One of Orange County’s higher-profile shopping centers is looking to become a little less square.

The owners of the Triangle Square mall in Costa Mesa are moving ahead on an estimated $25 million makeover of the nearly 200,000-square-foot center, a star-crossed fixture of the city’s retail landscape for two decades.

The investments include interior renovations for a batch of recently signed tenants at the three-story center, along with new exterior architecture, lighting, landscaping, and walkways, according to officials with Newport Beach-based real estate investor Greenlaw Partners, which owns the mall along with Westbrook Partners LLC in New York and Walton Street Capital LLC of Chicago.

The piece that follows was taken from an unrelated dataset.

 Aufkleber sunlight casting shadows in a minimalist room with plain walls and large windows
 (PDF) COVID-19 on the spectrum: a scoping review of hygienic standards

The site’s seven-level parking structure, a frequent source of complaints from shoppers, also is due for a big makeover, according to Greenlaw.

Lighted indicators of the number of available spaces on each floor—similar to what’s seen at the Irvine Spectrum—as well as dedicated lanes for exiting the property and a valet parking area are expected, among other improvements.

Schedule

Plans for the bulk of the center’s upgrades, which could take three months or so to complete, are scheduled to be taken up by Costa Mesa’s planning commission this week.

The renovation plan comes with a new name for the center, which is at the end of the Costa Mesa (55) Freeway: The Triangle.

The center’s new moniker—its full name will become Triangle-Restaurants and Entertainment—reflects a decision to move away from the traditional retail shops that initially made up the bulk of the center’s tenants and toward turning the mall into a destination location, said Donald Lamm, a consultant with Newport Beach’s Diamond Star Associates Inc. who is working with Greenlaw.

“It’s a whole different direction,” said Lamm, the former deputy city manager for Costa Mesa. “It should have happened ten years ago.”

The strategy is similar to what’s being seen at Mission Viejo’s 241,000-square-foot Kaleidoscope mall, which has added a new base of entertainment and theme-related tenants to its mix since selling for $22 million in a lender-driven transaction in 2010.

Tenant Mixes

Newer malls also are looking to rework their tenant mixes to include new types of entertainment options.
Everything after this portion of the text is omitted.